Quand la météo déraille
Entre janvier et juin 2025, le pays a été le théâtre de plusieurs épisodes spectaculaires. À Los Angeles, des incendies dévastateurs ont ravagé la ville, laissant derrière eux non seulement des pertes humaines tragiques, mais aussi des milliers d’hectares de terre détruits et obligeant de nombreuses personnes à fuir leur domicile.
En parallèle, des tempêtes violentes ont balayé le centre et le sud du pays, provoquant d’importantes destructions, rappelle Radio Canada. Les infrastructures en ont pris un sacré coup, et la route de la reconstruction s’annonce longue et coûteuse. Ces événements rappellent à quel point certaines régions américaines sont de plus en plus exposées aux phénomènes météorologiques extrêmes, entraînant des coûts financiers considérables.
Le suivi météo mis en pause
En mai 2025, l’administration Trump a décidé de suspendre le suivi officiel des catastrophes climatiques. Cette mesure découle des coupes budgétaires effectuées par Donald Trump à l’Agence américaine d’observation océanique et atmosphérique (NOAA).

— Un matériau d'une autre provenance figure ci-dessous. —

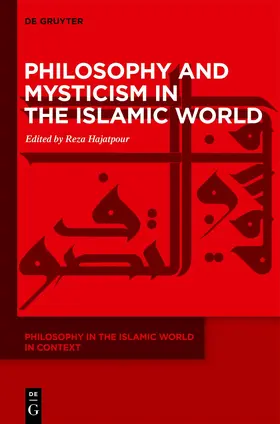Hajatpour |  Philosophy and Mysticism in the Islamic World | Buch |  Sack Fachmedien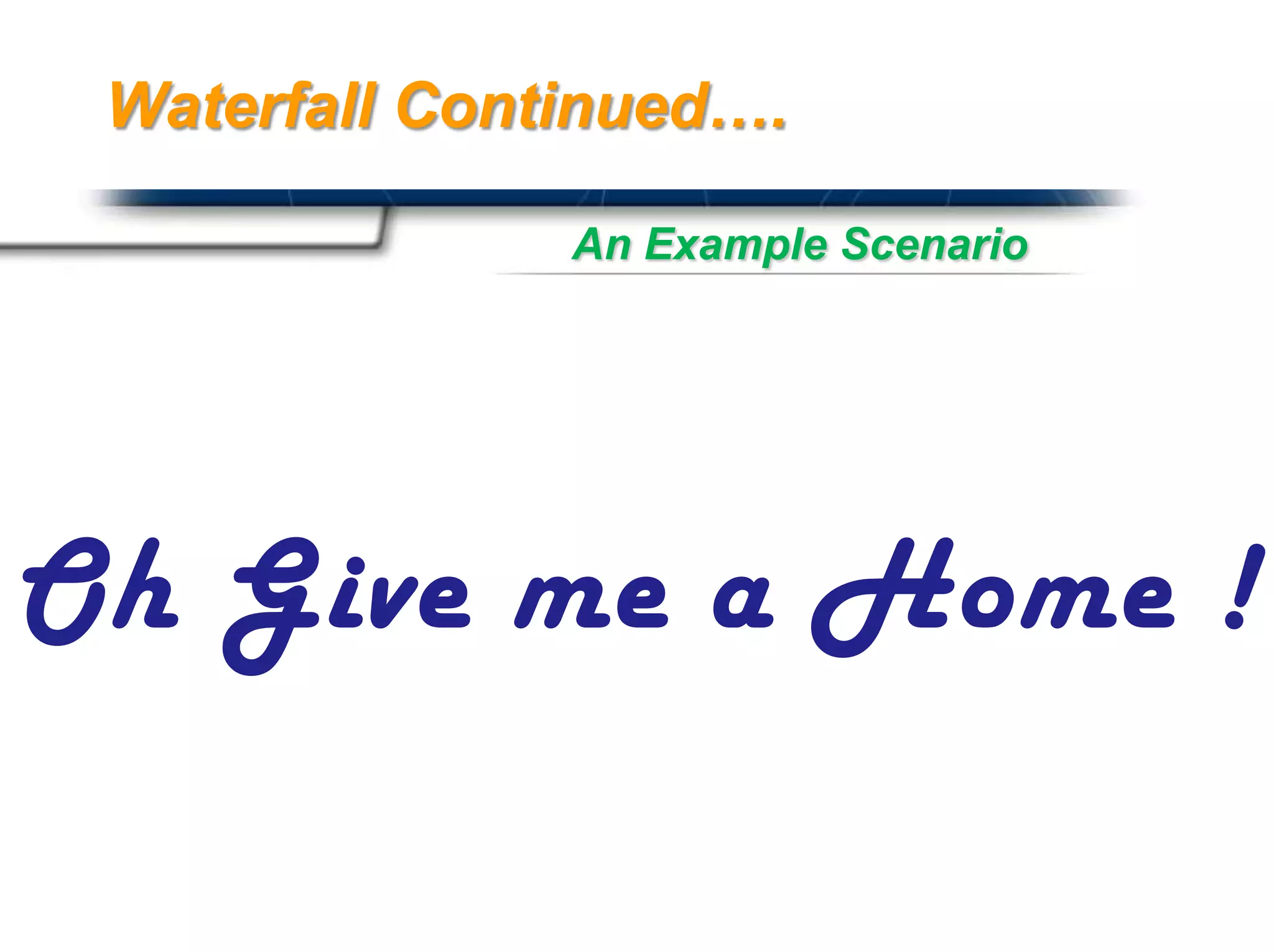 Waterfall Continued….

               An Example Scenario




Oh Give me a Home !
                           Presented By
                           Harry Mills / PRESENTATIONPRO
 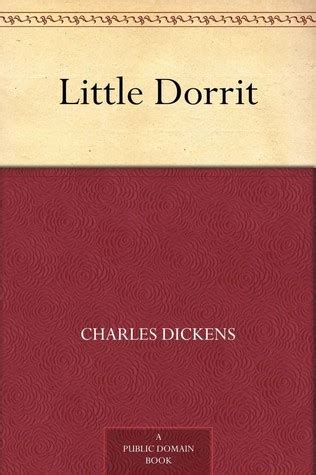 Little Dorrit by Charles Dickens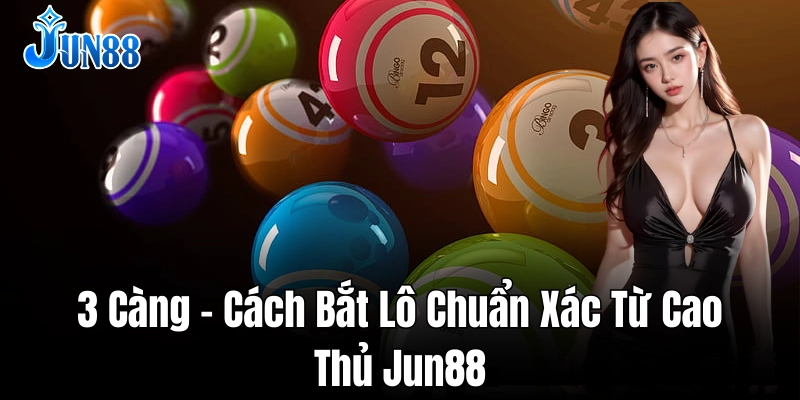 Chiến thuật đánh 3 Càng hiệu quả từ cao thủ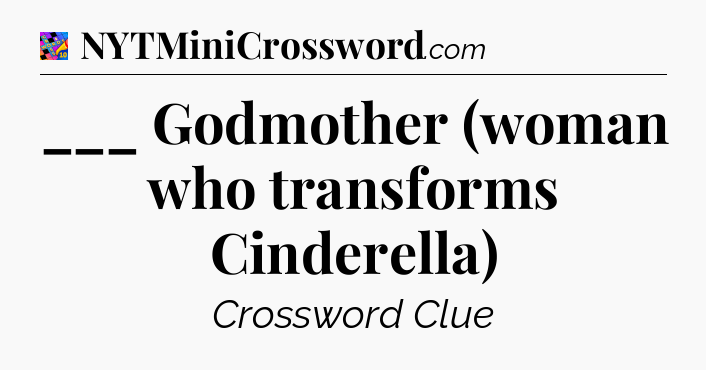 ___ Godmother (woman who transforms Cinderella) Crossword Clue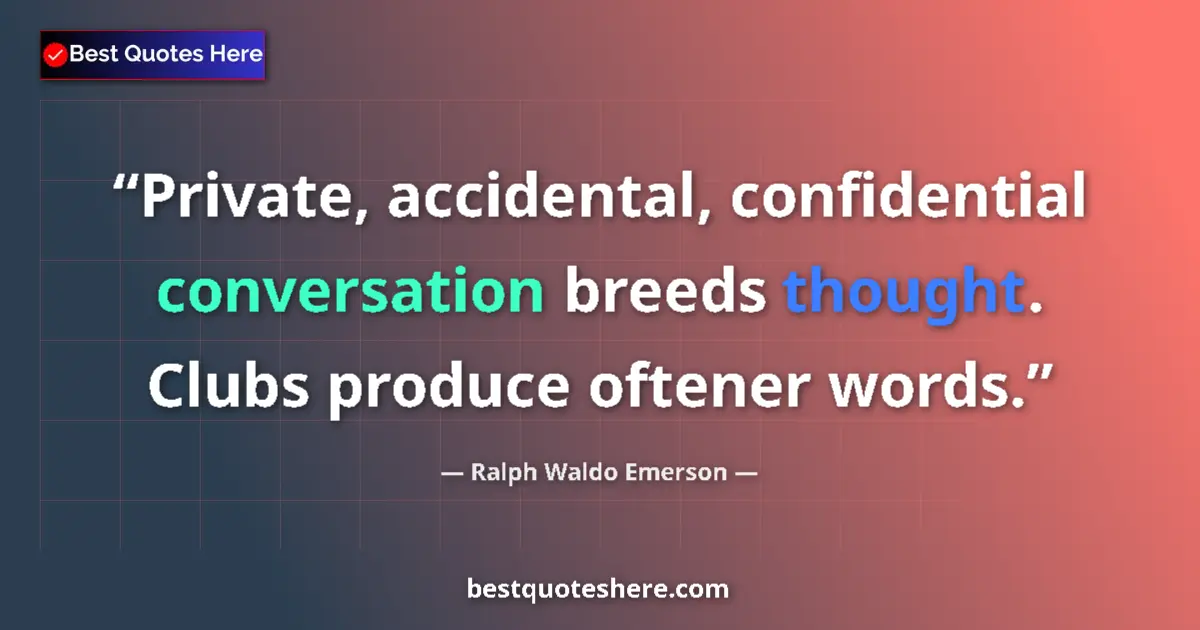 Image for the quote by Ralph Waldo Emerson: Private, accidental, confidential conversation breeds thought. Clubs produce oftener words....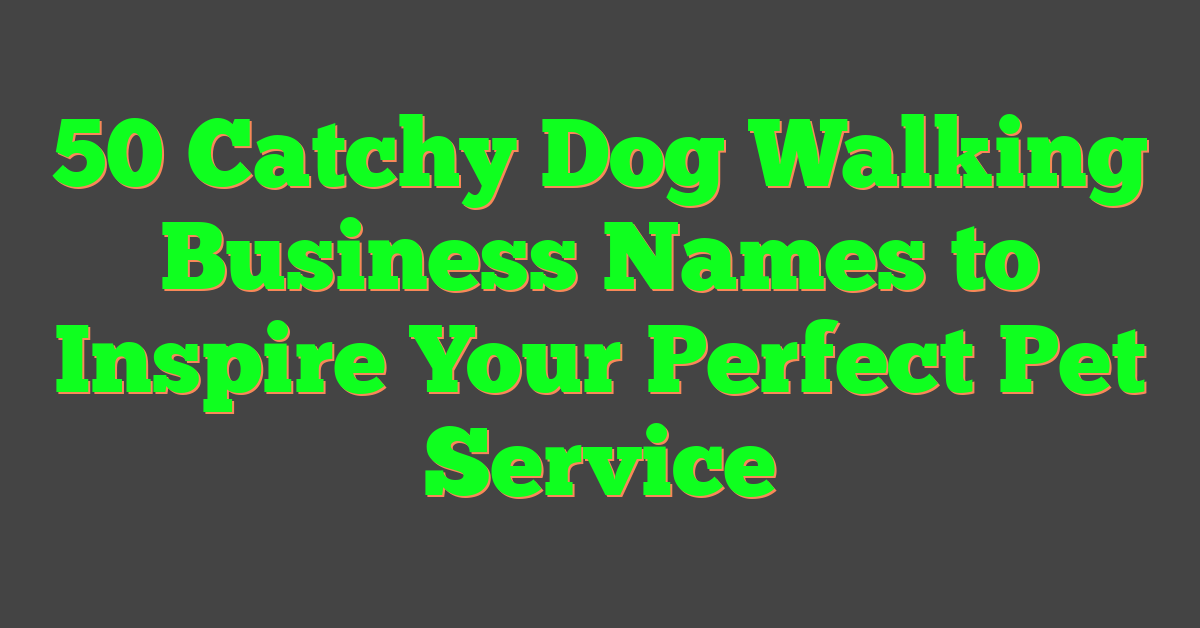 50 Catchy Dog Walking Business Names to Inspire Your Perfect Pet Service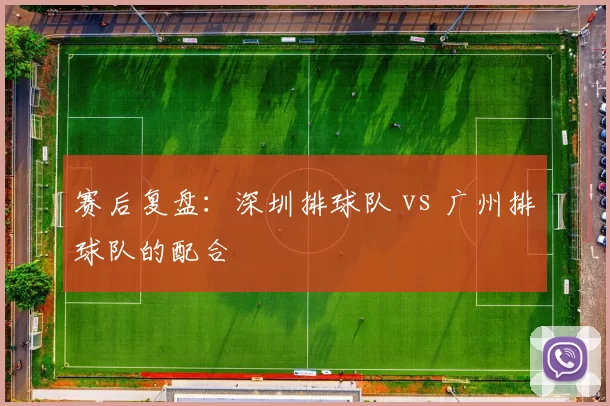 赛后复盘：深圳排球队 vs 广州排球队的配合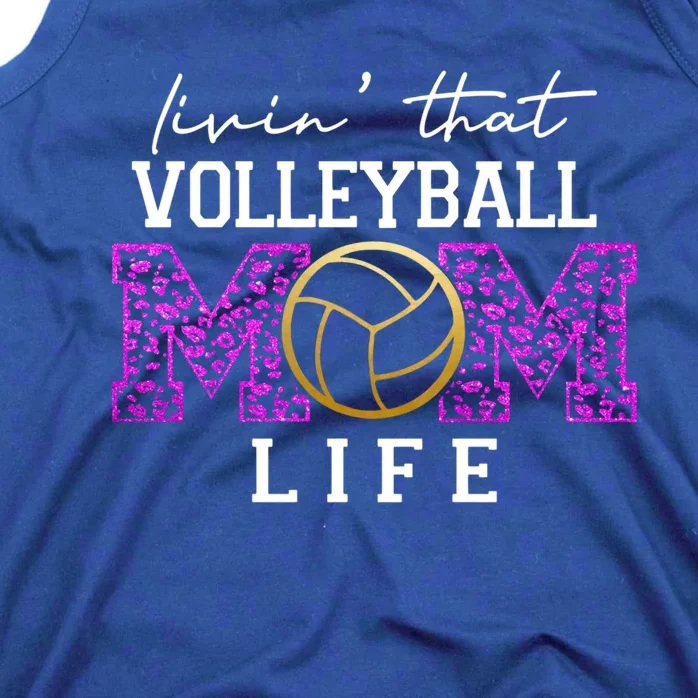 Livin That Volleyball Mom Life Pupler Leopard Volleyball Mom Gift Tank Top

Pour beaucoup, ce geste relève d’un positionnement idéologique teinté de scepticisme quant aux risques liés aux phénomènes climatiques.
La réaction ne s’est pas fait attendre : démocrates, associations environnementales et experts en assurance ont tous dénoncé cette décision. Ils insistent sur l’importance capitale de suivre de près l’évolution des phénomènes météorologiques afin d’anticiper les risques et de protéger les populations. Par ailleurs, l’arrêt temporaire de ce suivi complique la tâche des chercheurs qui comptent sur ces données pour mieux comprendre les répercussions du réchauffement planétaire et adopter une gestion proactive des risques.
Les experts en première ligne
Dans cette période mouvementée, Adam Smith, climatologue reconnu et ancien responsable de la base de données de la NOAA pendant quinze ans, a quitté l’agence en mai 2025. Selon lui, le milieu devenait « de plus en plus difficile » pour mener à bien ses missions. Désormais engagé au sein de l’ONG Climate Central, il poursuit son travail aux côtés de spécialistes en météorologie, économie et gestion des risques pour sensibiliser le public aux enjeux liés aux phénomènes climatiques.
Adam Smith rappelle que « les demandes pour son retour venaient de tous les milieux », preuve que l’expertise en matière climatique est vivement sollicitée, surtout à une époque où les catastrophes naturelles se multiplient.